Behaviour of Passive Fire Protection K-Geopolymer under Successive Severe Fire Incidents
Konstantinos Sakkas,
Alexandros Sofianos,
Pavlos Nomikos,
Dimitrios Panias
Affiliations
Konstantinos Sakkas
Laboratory of Tunnelling, School of Mining and Metallurgical Engineering, National Technical University of Athens, 9 Iroon Polytechneiou St, Zografou, Athens 15780, Greece
Alexandros Sofianos
Laboratory of Tunnelling, School of Mining and Metallurgical Engineering, National Technical University of Athens, 9 Iroon Polytechneiou St, Zografou, Athens 15780, Greece
Pavlos Nomikos
Laboratory of Tunnelling, School of Mining and Metallurgical Engineering, National Technical University of Athens, 9 Iroon Polytechneiou St, Zografou, Athens 15780, Greece
Dimitrios Panias
Laboratory of Metallurgy, School of Mining and Metallurgical Engineering, National Technical University of Athens, 9 Iroon Polytechneiou St, Zografou, Athens 15780, Greece
The performance of a fire resistant coating for tunnel passive fire protection under successive severe thermal loading is presented.

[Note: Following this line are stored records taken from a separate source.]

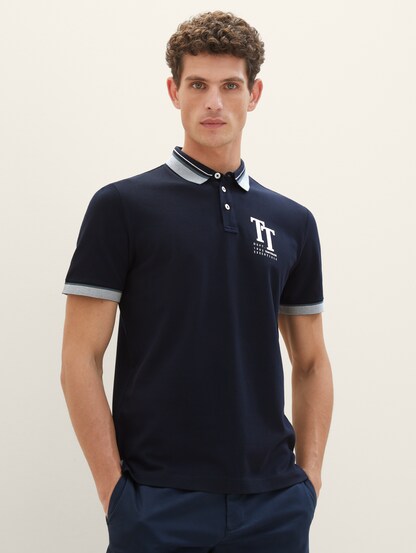 logo by with Tom a Tailor print Polo shirt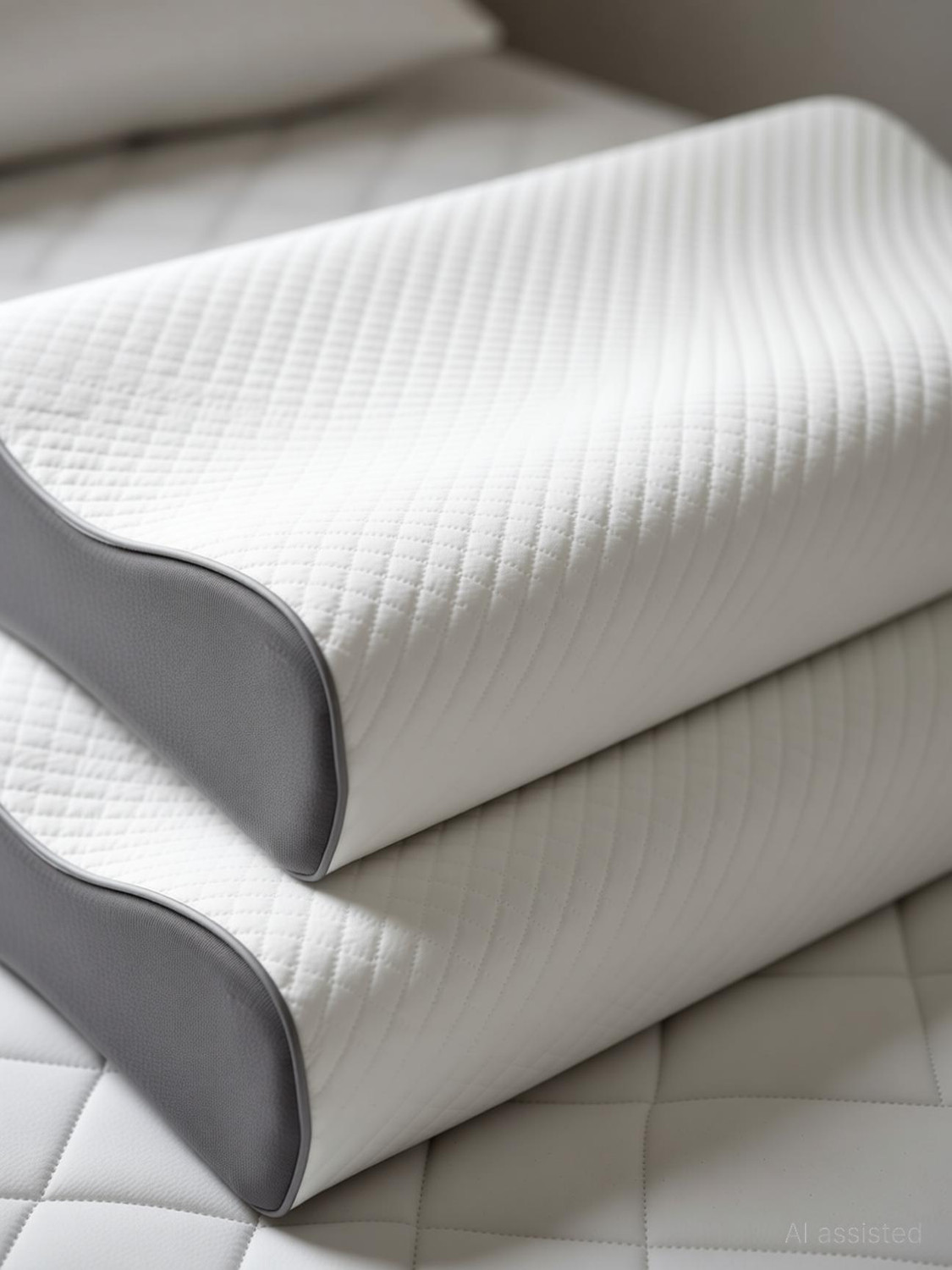 Image of Mashur fab Memory Foam Orthopaedic Pillow Pack of 2 Solid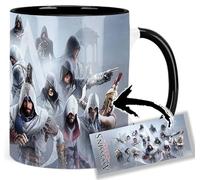 Assassins Creed Tasse Ceramique Intérieure et Poignée Noire Mug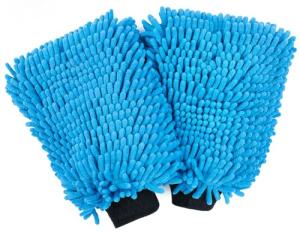 HOMEXCEL Car Wash Mitt, 2PK Chenille Microfiber Wash Mitt, Scratch-Free & Lint-Free, Rich Foam, Highly Absorbent, Double Sided, Perfect for Car Washing and Detailing, 10.2" x 6.7 ", Blue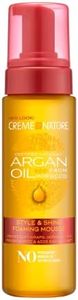 Creme of Nature Argan Oil Style And Shine Foaming Mousse, Mousse Modellante all'Olio di Argan, 200 ml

The material falls under the class of potassium based geopolymers (K-geopolymer) and was prepared by mixing ferronickel (FeNi) slag, doped with pure alumina, with a highly alkaline potassium hydroxide aqueous phase. Its performance was assessed by subjecting a concrete slab with a five cm thick K-geopolymer coating layer into successive RijksWaterStaat (RWS) fire incidents. During the first test, the maximum measured temperature in the K-geopolymer/concrete interface was 250 °C, which is 130 °C lower than the RWS test requirement, while, during the second fire test, the maximum temperature was almost 370 °C, which is still lower than the RWS requirement proving the effectiveness of the material as a thermal barrier. In addition, the material retained its structural integrity, during and after the two tests, without showing any mechanical or thermal damages.